Teodoro George, Pan Tony, Kurc Tahsin, Kong Jun, Cooper Lee, Saltz Joel
Center for Comprehensive Informatics and Biomedical Informatics Department, Emory University, Atlanta, GA 30322.
Parallel Comput. 2013 Apr 1;39(4-5):189-211. doi: 10.1016/j.parco.2013.03.001.

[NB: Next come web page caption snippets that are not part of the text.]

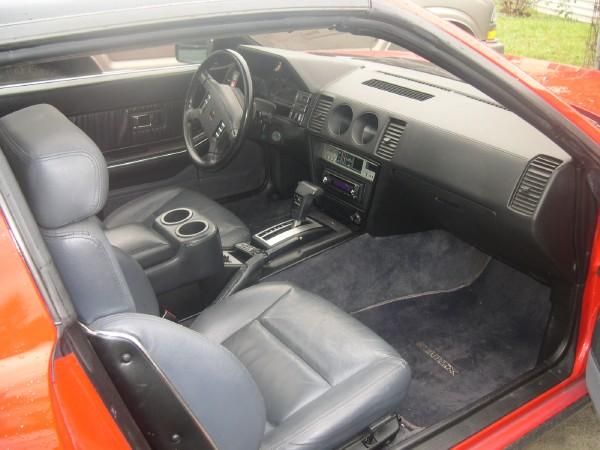 File:3b0cf4cb cupholder.jpg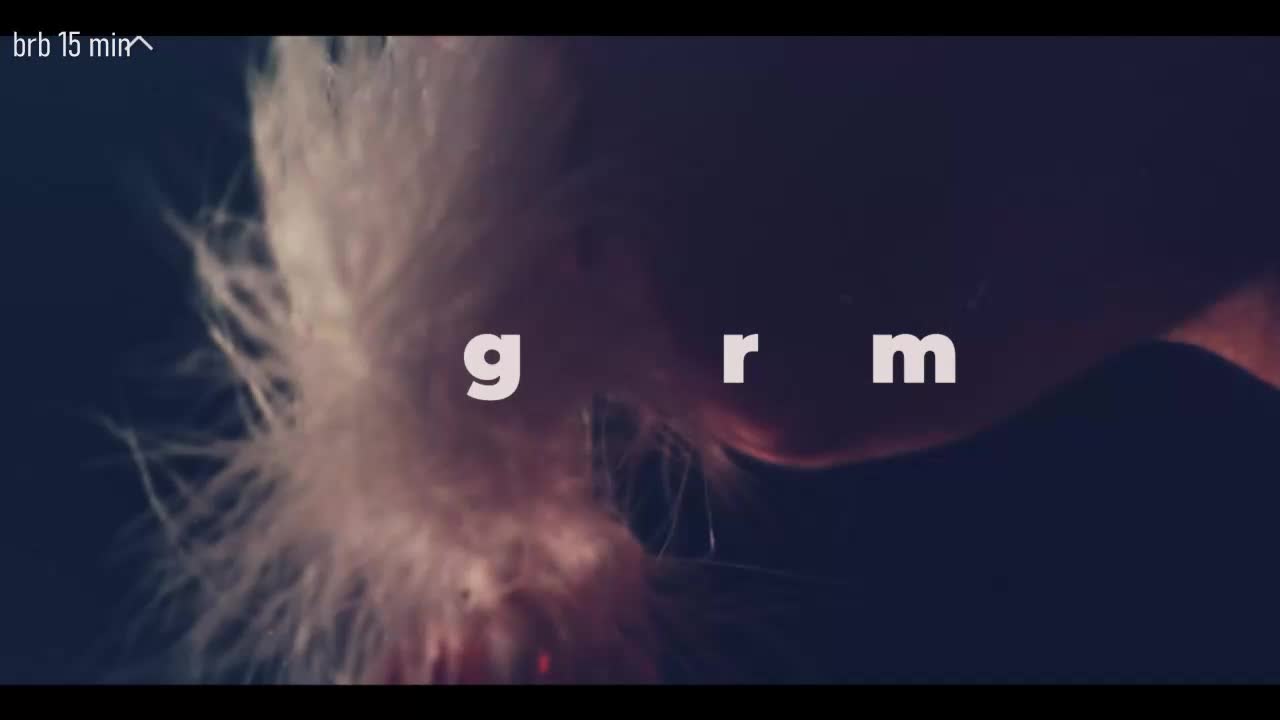 Taanni Live Sex December 18, 2025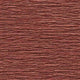 サンゲツクロスフェイスTexture＆ColorTH32282内装資材壁紙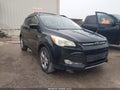 Photo 1 of 14 — 2013 Ford Escape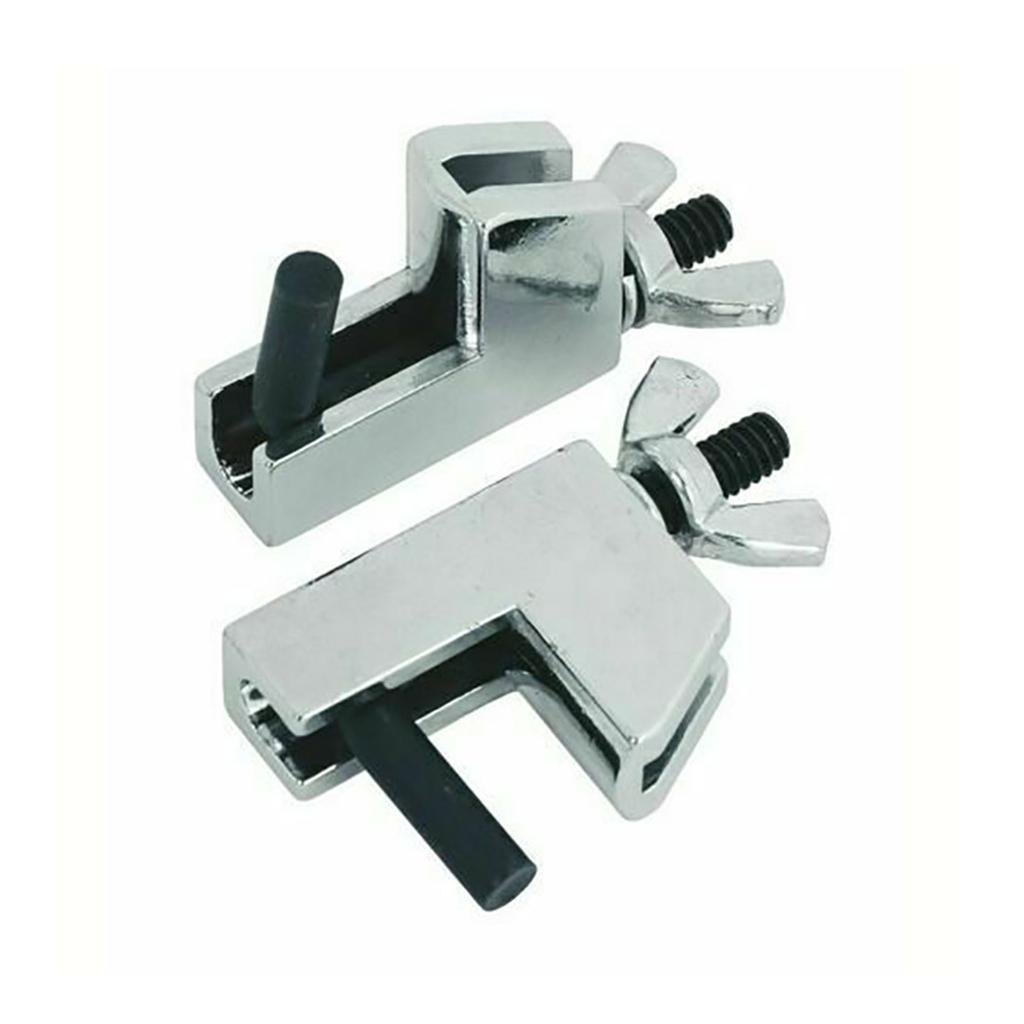 1 Pereche Set Instrument Coliere Furtunuri Furtunuri Frână Furtunuri Combustibil Clești Set Coliere Linii Combustibil Ulei Ajustabil Accesorii Vehicule Auto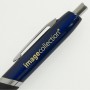 Metal Promotional Pens - Eclipse Metal Pen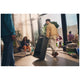 Sony High Powered Wireless Speaker SRS-XV900 – view 8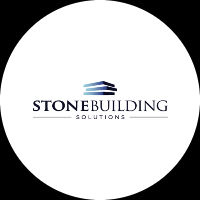 Stone Building Solution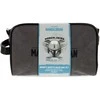 Mad Beauty Star Wars Mandalorian Wash Bag Set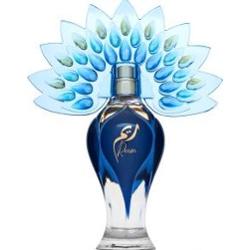 Asdaaf Reem woda perfumowana unisex 100 ml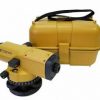 TOPCON Atg3 30x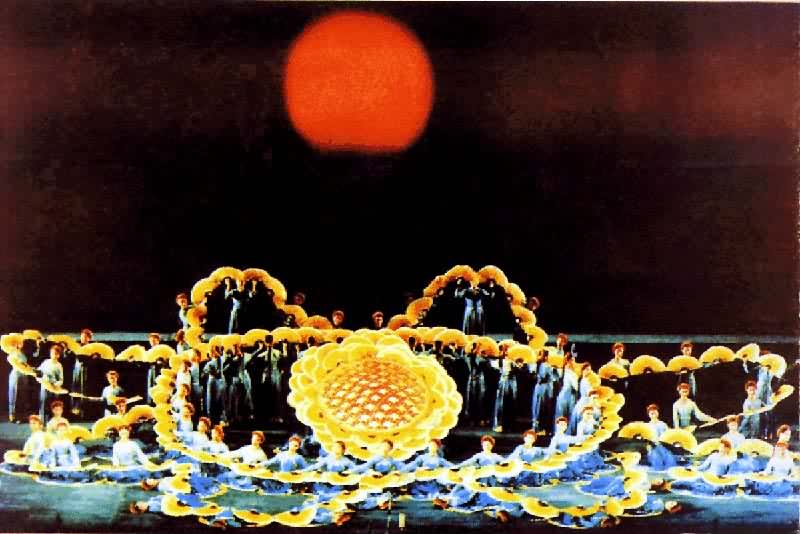 �����赸ʷʫ�������졤������̫����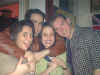 Party_1_13_01_63.jpg (114608 bytes)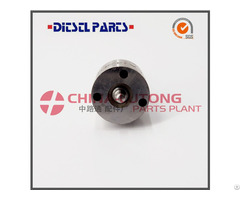 Diesel Injectors Or Nozzles L381prd For Nissan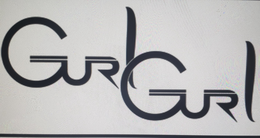 GURL GURL trademark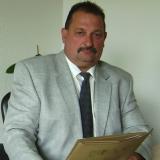 Profilfoto von Alfred Schumacher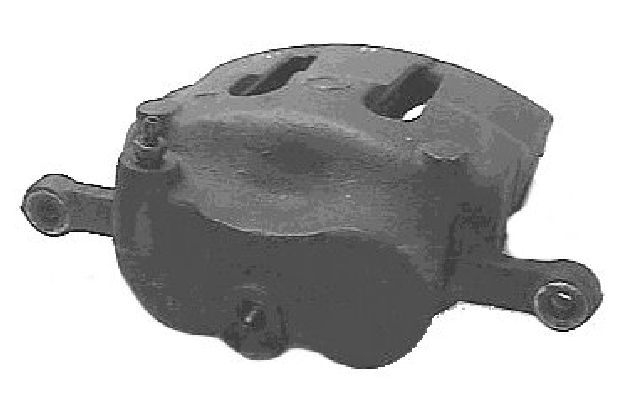 Étrier de frein TECDRIVE TET0663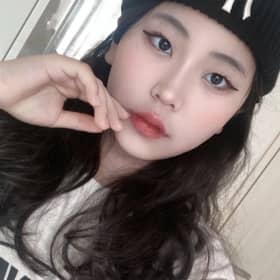 공채린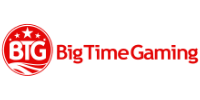 BTG-COLOR Payment Partner Logo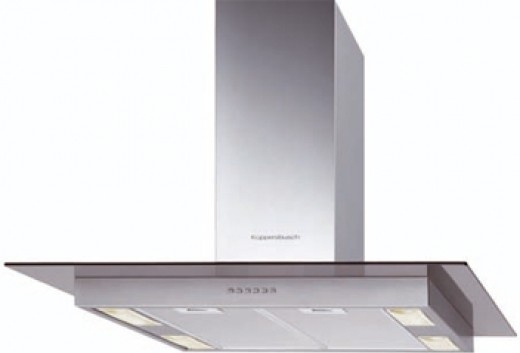 Küppersbusch IKD 9380.1 GE recenze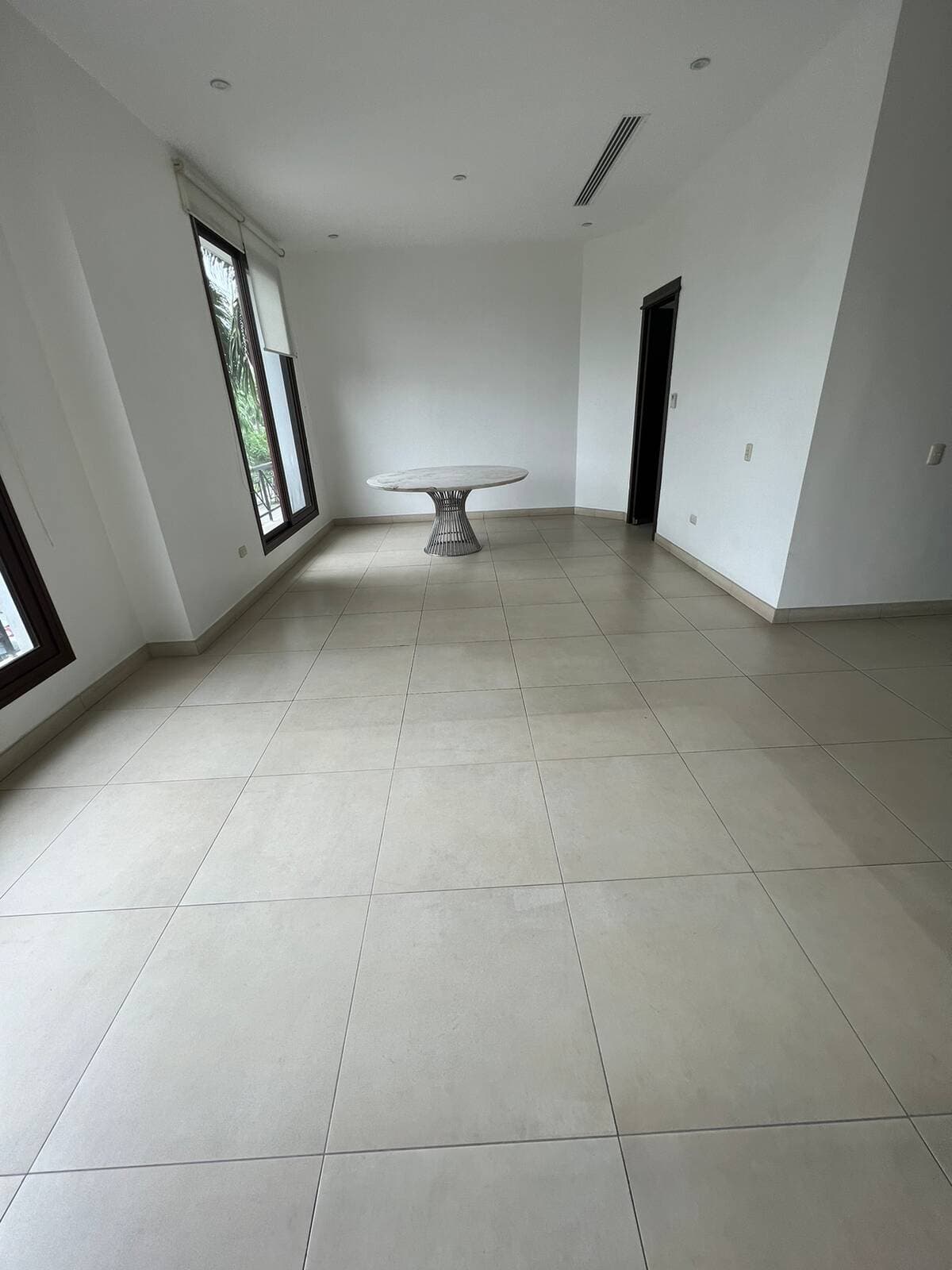 DEPARTAMENTO EN VENTA O ALQUILER EN MANGLERO — foto 3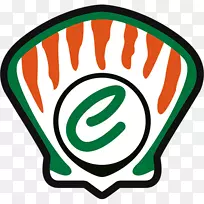 品牌区域标志剪贴画-Maguey-空若网 品牌区域标志剪贴画-Maguey-空若网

We address the problem of efficient execution of a computation pattern, referred to here as the irregular wavefront propagation pattern (IWPP), on hybrid systems with multiple CPUs and GPUs. The IWPP is common in several image processing operations. In the IWPP, data elements in the wavefront propagate waves to their neighboring elements on a grid if a propagation condition is satisfied. Elements receiving the propagated waves become part of the wavefront. This pattern results in irregular data accesses and computations. We develop and evaluate strategies for efficient computation and propagation of wavefronts using a multi-level queue structure. This queue structure improves the utilization of fast memories in a GPU and reduces synchronization overheads. We also develop a tile-based parallelization strategy to support execution on multiple CPUs and GPUs. We evaluate our approaches on a state-of-the-art GPU accelerated machine (equipped with 3 GPUs and 2 multicore CPUs) using the IWPP implementations of two widely used image processing operations: morphological reconstruction and euclidean distance transform. Our results show significant performance improvements on GPUs. The use of multiple CPUs and GPUs cooperatively attains speedups of 50× and 85× with respect to single core CPU executions for morphological reconstruction and euclidean distance transform, respectively.
我们解决了在具有多个CPU和GPU的混合系统上高效执行一种计算模式(这里称为不规则波前传播模式,即IWPP)的问题。IWPP在多种图像处理操作中很常见。在IWPP中,如果满足传播条件,波前中的数据元素会将波传播到网格上的相邻元素。接收到传播波的元素会成为波前的一部分。这种模式会导致不规则的数据访问和计算。我们开发并评估了使用多级队列结构来高效计算和传播波前的策略。这种队列结构提高了GPU中快速内存的利用率,并减少了同步开销。我们还开发了一种基于瓦片的并行化策略,以支持在多个CPU和GPU上执行。我们使用两种广泛使用的图像处理操作(形态学重建和欧几里得距离变换)的IWPP实现,在一台先进的GPU加速机器(配备3个GPU和2个多核CPU)上评估我们的方法。我们的结果表明在GPU上有显著的性能提升。对于形态学重建和欧几里得距离变换,分别使用多个CPU和GPU协同实现了相对于单核CPU执行50倍和85倍的加速。